Maciej Zakościelny
Wygląd
Maciej Gracjan Zakościelny (ur. 1980) – polski aktor i skrzypek.
- Chciałbym pracować z dobrymi reżyserami. Chciałbym, żeby pomagali mi tworzyć postacie, a nie grać siebie.
- Kiedyś [występ w musicalu] było to moje duże marzenie i myślę, że jeszcze je zrealizuję. Moja ciocia jest śpiewaczką operową. Kiedyś zobaczyłem ją na deskach teatru w Regensburgu, jak śpiewała w musicalu Jesus Christ Superstar, i pamiętam, że zrobiło to na mnie ogromne wrażenie.
- Lubię rozmawiać [z dziennikarzem] jak człowiek z człowiekiem. Nie akceptuję natomiast formy przesłuchania, bo zakłada ona z góry nierówny podział sił. Nie lubię być traktowany przez dziennikarzy jako wyrocznia. Nie jestem mentorem, nie odpowiem na pytania, przed którymi ugiąłby się Einstein. Jako aktor natomiast z pewnością mam ludziom coś do przekazania.
- Źródło: Justyna Tawicka, Maciej Zakościelny: Zacząłbym raz jeszcze – tak samo, wp.pl
- Nie boję się schematów, ponieważ nie mam ich w sobie.

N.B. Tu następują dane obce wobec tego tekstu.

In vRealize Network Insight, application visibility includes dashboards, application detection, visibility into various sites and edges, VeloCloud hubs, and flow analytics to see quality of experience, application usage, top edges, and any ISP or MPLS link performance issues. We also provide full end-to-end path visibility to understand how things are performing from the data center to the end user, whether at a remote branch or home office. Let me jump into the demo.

Staram się nie traktować świata „wprost”. Myślę za mojego bohatera, stwarzam go od pierwszej do ostatniej komórki, przygotowując się do danej roli, nie koncentruję się jedynie na ramach scenariusza. „Rozmawiam” ze swoją postacią, pytam ją: jakie książki czyta, jakiej słucha muzyki, co lubi jeść, czy późno chodzi spać. Jakie ma sny... Aktorstwo nie jest dla mnie słowem wpisanym w rubryce „zawód”. To sposób na życie. Tak więc powiedzieć o sobie, że „bywam” aktorem, oznaczałoby to samo, co stwierdzenie, że zdarza mi się oddychać.
- Źródło: Justyna Tawicka, Maciej Zakościelny: Zacząłbym raz jeszcze – tak samo, wp.pl
- Sporty ekstremalne to za duże słowo. Nie wiem, czy tak naprawdę mogę powiedzieć, że jakiś uprawiam. Na pewno lubię gdy wzrasta we mnie poziom adrenaliny. Kiedyś na zdjęciach próbnych powiedziałem, że lubię sporty ekstremalne i gram na skrzypcach. Nie miało to żadnej spójności, po prostu zapomniałem dodać słowa „też”. A więc lubię sporty ekstremalne, gram też na skrzypcach.